*** Provided material

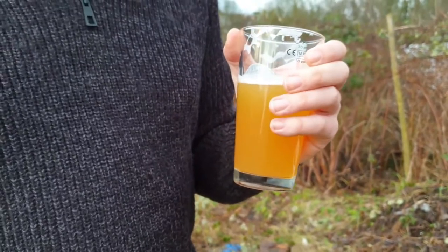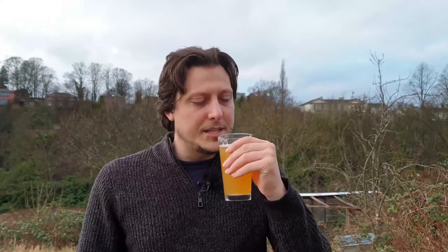Despite the funk of the Brett, the flavour profile is really clean. Just those hay-like flavours that came over in the aroma. A very light pepperiness — not a black pepper, but just like a very light sort of white pepper. And there's a softness to the mouthfeel. Soft and full, I'd say.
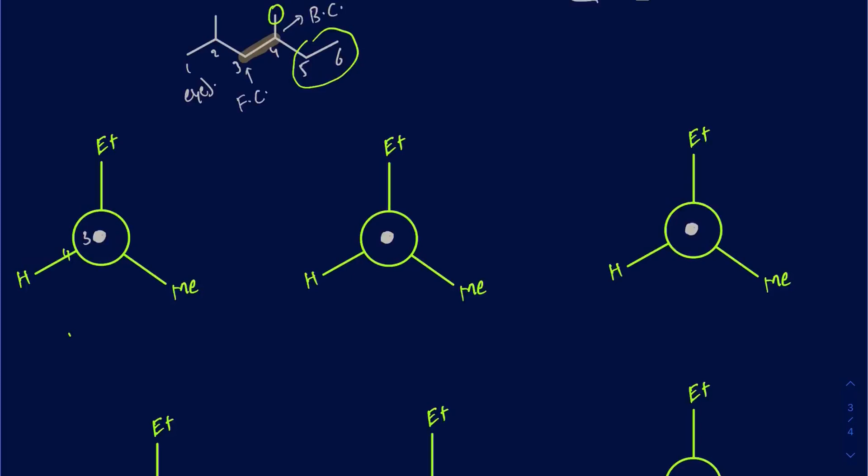Now drawing the front carbon: carbon 3 has an isopropyl group and two hydrogens. I can place them anywhere initially — it doesn't really matter. So I'll put the isopropyl group there, writing IPR as the abbreviation, and then a hydrogen and another hydrogen. Now we're going to be rotating those 60 degrees at a time, rotating the front carbon clockwise.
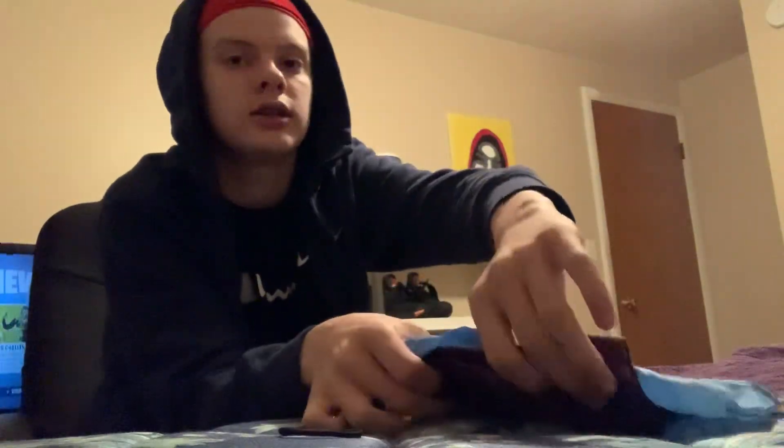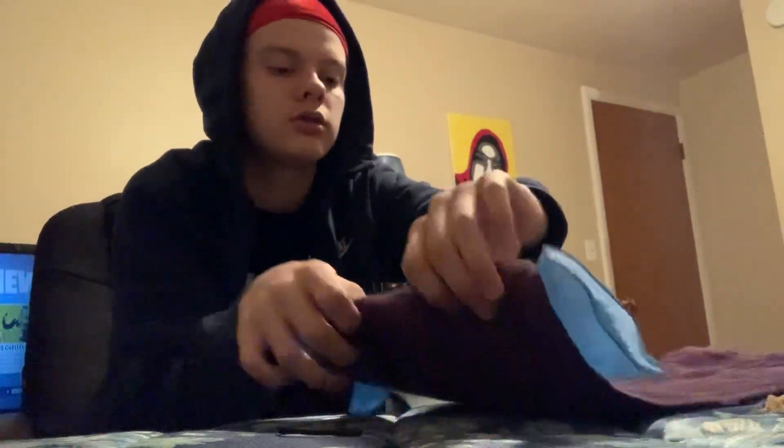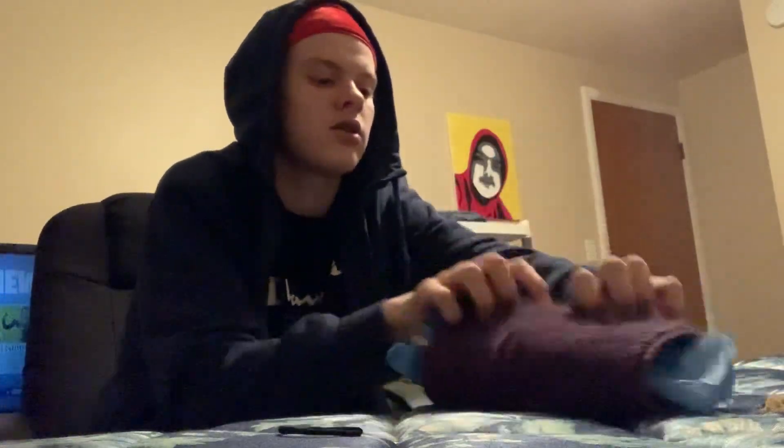Then next, what you want to do is you want to gently roll it. Something like that.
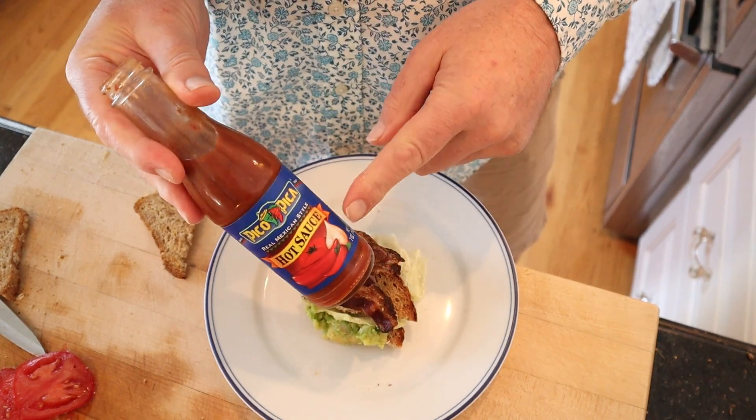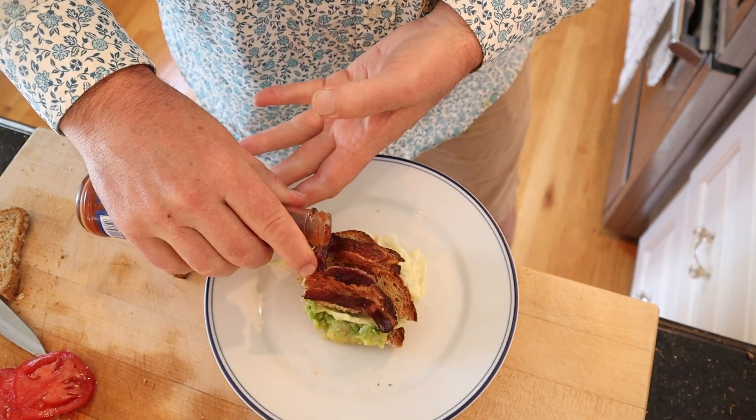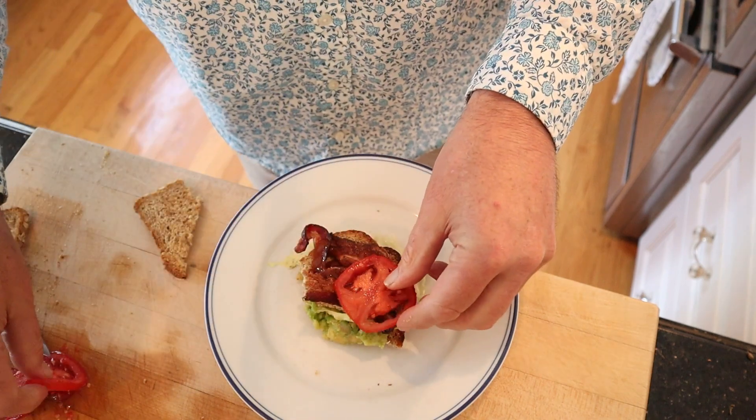I might plus it up with one thing though — okay, maybe two things. Pico Pico hot sauce. And tomato. Seasoned tomato.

******

= What is expected =
Leave the pictures out, and print every line of the listing exactly as written.

= Written solution =
Despite the funk of the Brett, the flavour profile is really clean. Just those hay-like flavours that came over in the aroma. A very light pepperiness — not a black pepper, but just like a very light sort of white pepper. And there's a softness to the mouthfeel. Soft and full, I'd say.
Now drawing the front carbon: carbon 3 has an isopropyl group and two hydrogens. I can place them anywhere initially — it doesn't really matter. So I'll put the isopropyl group there, writing IPR as the abbreviation, and then a hydrogen and another hydrogen. Now we're going to be rotating those 60 degrees at a time, rotating the front carbon clockwise.
Then next, what you want to do is you want to gently roll it. Something like that.
I might plus it up with one thing though — okay, maybe two things. Pico Pico hot sauce. And tomato. Seasoned tomato.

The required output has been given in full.